- **DATA UNDER STUDY**:
^^^^^^^^

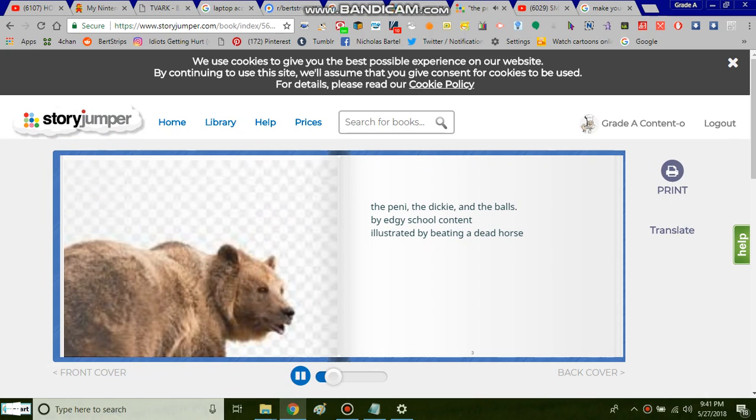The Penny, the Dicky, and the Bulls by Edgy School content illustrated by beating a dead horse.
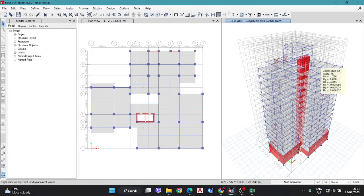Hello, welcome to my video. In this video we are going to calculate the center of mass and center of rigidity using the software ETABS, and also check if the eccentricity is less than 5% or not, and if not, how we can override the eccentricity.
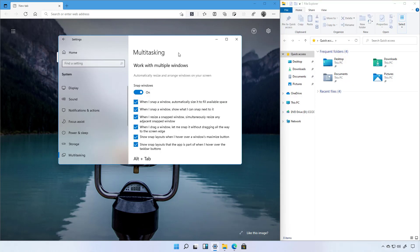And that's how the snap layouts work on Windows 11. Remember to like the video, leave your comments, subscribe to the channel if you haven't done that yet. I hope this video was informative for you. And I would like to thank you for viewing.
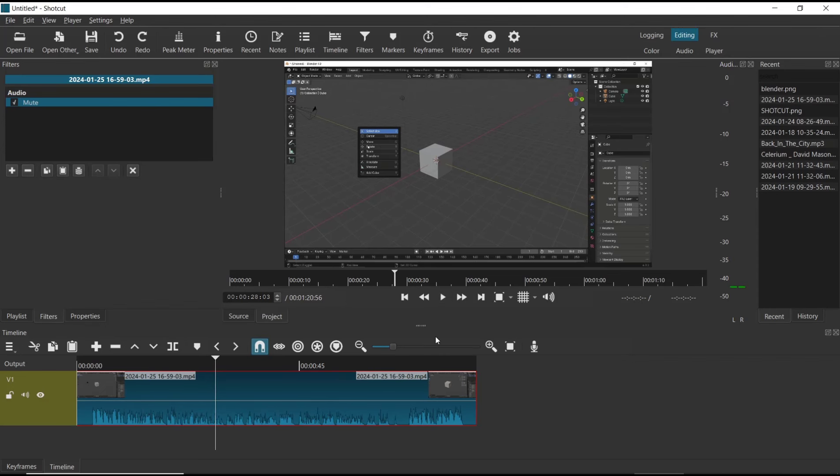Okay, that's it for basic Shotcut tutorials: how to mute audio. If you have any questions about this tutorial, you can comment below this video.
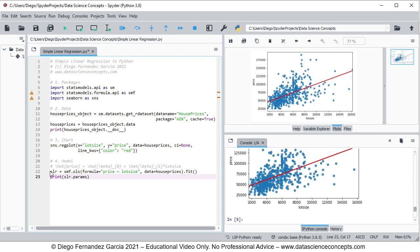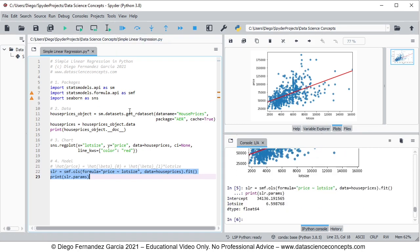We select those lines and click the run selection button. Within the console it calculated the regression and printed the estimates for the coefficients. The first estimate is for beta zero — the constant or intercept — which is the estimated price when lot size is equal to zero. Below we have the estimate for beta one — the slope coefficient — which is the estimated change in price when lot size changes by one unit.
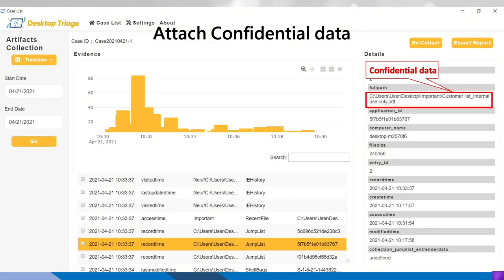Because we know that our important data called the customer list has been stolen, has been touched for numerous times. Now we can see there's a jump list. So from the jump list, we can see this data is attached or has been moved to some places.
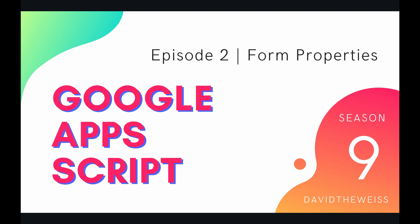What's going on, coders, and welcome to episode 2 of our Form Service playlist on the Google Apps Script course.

^^^^^^^^

- **ACTIVITY**: Retype the listing above exactly, please. Pictures do not belong in the copy.

- **WRITTEN ANSWER**:
The Penny, the Dicky, and the Bulls by Edgy School content illustrated by beating a dead horse.
Hello, welcome to my video. In this video we are going to calculate the center of mass and center of rigidity using the software ETABS, and also check if the eccentricity is less than 5% or not, and if not, how we can override the eccentricity.
And that's how the snap layouts work on Windows 11. Remember to like the video, leave your comments, subscribe to the channel if you haven't done that yet. I hope this video was informative for you. And I would like to thank you for viewing.
Okay, that's it for basic Shotcut tutorials: how to mute audio. If you have any questions about this tutorial, you can comment below this video.
We select those lines and click the run selection button. Within the console it calculated the regression and printed the estimates for the coefficients. The first estimate is for beta zero — the constant or intercept — which is the estimated price when lot size is equal to zero. Below we have the estimate for beta one — the slope coefficient — which is the estimated change in price when lot size changes by one unit.
Because we know that our important data called the customer list has been stolen, has been touched for numerous times. Now we can see there's a jump list. So from the jump list, we can see this data is attached or has been moved to some places.
What's going on, coders, and welcome to episode 2 of our Form Service playlist on the Google Apps Script course.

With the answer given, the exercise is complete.